JPMorgan Chase & Co. and Wells Fargo & Co. are arranging the transaction, which will extend maturities on a $1.8 billion term loan to 2016 from 2014, the company said in a statement today.
Its revolving asset-based credit, to which the banks have agreed to commit an additional $125 million, will be extended to 2017 from 2013, according to the Southfield, Michigan-based company.
As part of the refinancing, Federal-Mogul will issue $150 million of common stock to a subsidiary of Icahn Enterprises LP according to the statement. The transaction requires the company to prepay as much as $300 million of the extended term loans.
Federal-Mogul obtained the original debt when it exited from bankruptcy in 2007, according to data compiled by Bloomberg.
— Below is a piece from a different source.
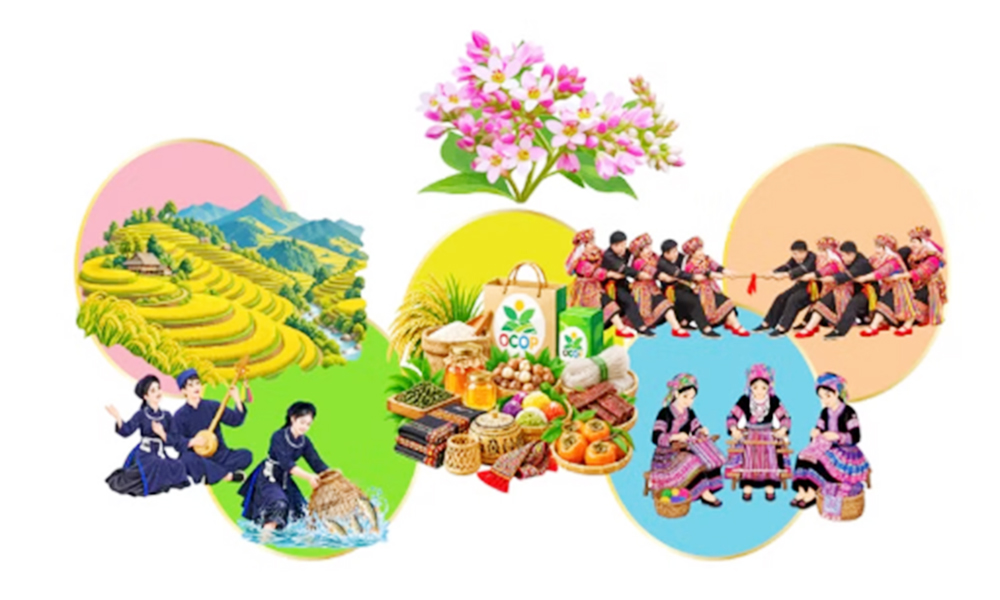 Northern Vietnam comes alive with Buckwheat Flower Festival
The $540 million revolving credit line initially paid interest at 1.75 percentage points more than the London interbank offered rate, while the term B portion initially paid interest at 1.94 percentage points more than Libor, Bloomberg data show. It also has about $953 million of debt under a term C slice, the data show.
In a revolving line of credit, money can be borrowed again once it’s repaid; in a term loan it can’t.